I’ve been having a difficult time with my autoimmune arthritis. Firstly, I no longer know what to call my disease. I don’t fit any definition completely. Do I have symptoms of Rheumatoid Arthritis? Yes. Do I have symptoms of Lupus? Yes. Do I have symptoms of Psoriatic Arthritis, Ankylosing Spondylitis, Spondylitis, and Non Radial Graphic Axial Spondlyoarthritis? Yes, yes, yes, and yes. My rheumatologist refers to me most often with spondyloarthritis. I don’t know what to call my disease, so I often refer to it as simply autoimmune arthritis. I may not know what to call my disease, but I know that it kicks my ass on a daily basis.
I’ve documented that I have recently I’ve experienced another medication fail. My drug that I felt was a miracle early on, began to only give me 2-8 days of relief a month. The other days of the month have been sheer hell. My level of pain ranges daily between 8-10. It takes almost an hour to stand up in the morning because of the pain I experience in my joints and back.

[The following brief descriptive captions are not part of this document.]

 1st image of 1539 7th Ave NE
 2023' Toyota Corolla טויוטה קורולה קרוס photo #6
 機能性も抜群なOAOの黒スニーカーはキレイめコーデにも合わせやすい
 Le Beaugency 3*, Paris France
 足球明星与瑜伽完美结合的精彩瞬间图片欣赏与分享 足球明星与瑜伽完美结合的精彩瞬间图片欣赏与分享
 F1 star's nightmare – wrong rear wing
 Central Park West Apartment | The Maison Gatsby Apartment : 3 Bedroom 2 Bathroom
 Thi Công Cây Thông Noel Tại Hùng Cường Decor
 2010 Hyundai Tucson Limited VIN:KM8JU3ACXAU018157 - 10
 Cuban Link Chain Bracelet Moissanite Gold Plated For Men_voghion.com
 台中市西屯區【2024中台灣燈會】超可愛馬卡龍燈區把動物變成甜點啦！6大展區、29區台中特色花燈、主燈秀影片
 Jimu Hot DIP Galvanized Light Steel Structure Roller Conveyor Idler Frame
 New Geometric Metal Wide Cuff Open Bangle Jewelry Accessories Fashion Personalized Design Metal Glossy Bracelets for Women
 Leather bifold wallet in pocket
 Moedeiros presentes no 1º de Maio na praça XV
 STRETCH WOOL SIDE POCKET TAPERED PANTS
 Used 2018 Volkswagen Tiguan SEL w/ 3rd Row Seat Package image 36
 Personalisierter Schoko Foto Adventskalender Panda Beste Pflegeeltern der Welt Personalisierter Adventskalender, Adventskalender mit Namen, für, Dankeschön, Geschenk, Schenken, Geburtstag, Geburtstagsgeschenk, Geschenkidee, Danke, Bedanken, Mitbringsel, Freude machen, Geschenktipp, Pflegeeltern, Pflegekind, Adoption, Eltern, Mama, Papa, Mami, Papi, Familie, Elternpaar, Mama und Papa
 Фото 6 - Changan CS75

My fingers are so swollen that I struggle to put earrings in, brush my teeth, and unlock my office doors. Don’t ask me about buttons and zippers. There are a no go. As painful as my body has become, it’s often my heart that hurts the most.
My heart breaks when my sweet girl cries and whines because I can’t take her on long walks.
My heart breaks when I can’t work a part time job anymore because I’m so physically exhausted after my main job (don’t get me wrong, I make good money, but I still have a lot of Georgia Grace debt)
My heart breaks when I see how I have let my house go because I simply don’t have the energy to clean, organize or redecorate.
My heart breaks that I have gained 60 pounds due to the constant need for steroids to get me through the pain.
My heart breaks because depression and overeating added to the weight gain.
My heart breaks because I don’t get together with my friends because I’m simply too exhausted. I’m not tired. I have no energy left over after a work day. Even Saturdays and Sundays are spent on the couch or in bed to attempt to recharge my batteries and to stay off my feet. So I can continue to work.
Several colleagues of mine have asked why I don’t go out on disability. It’s a good question, but one I don’t know the answer to. In my state to qualify for disability I need to meet the following criteria
- You must be unable to do any substantial work because of your medical condition(s); and
- Your medical condition(s) must have lasted, or be expected to last, at least 1 year, or be expected to result in your death
I meet the 2nd criteria, but I’m not sure I meet the first. When I say that to some people they look at me and laugh. I guess I see myself as being more physically capable than others do.
I’m a speech-language pathologist. My job is to help people communicate. I can do that. It’s the non-speech therapy things that are difficult for me. Typing up reports, walking the long hallways, walking to answer a phone that is all the way on the other side of the room. Are there ways to work around this? Yes. Will my job assist me with ADA accommodations? I don’t know.
I’ve seen other people deal with ADA accommodations and it’s never gone easy for any of them. I’m avoiding it because one more stressor might be all it will take to break the camel’s back. Managing my health, my home, my job, my family, and my pets has drained me. It’s like Christine Miserandino says in the spoon theory. Once the spoons are gone, there is nothing left. Working with my therapist, I’ve learned that I put out so many spoons for others (through work, family, and pets) and I never have any left for myself. Doing what is best for me has never really been my strong suit, but it is time.
Right now, I’m trying out infusions to see if I can regain a better quality of life. I’m trying to remain hopeful, but if I am being honest, the plethora of medication failure has jaded me. I don’t know if I will ever feel better, but I am going to keep trying. I’m determined to find a balance of work, pain, and living.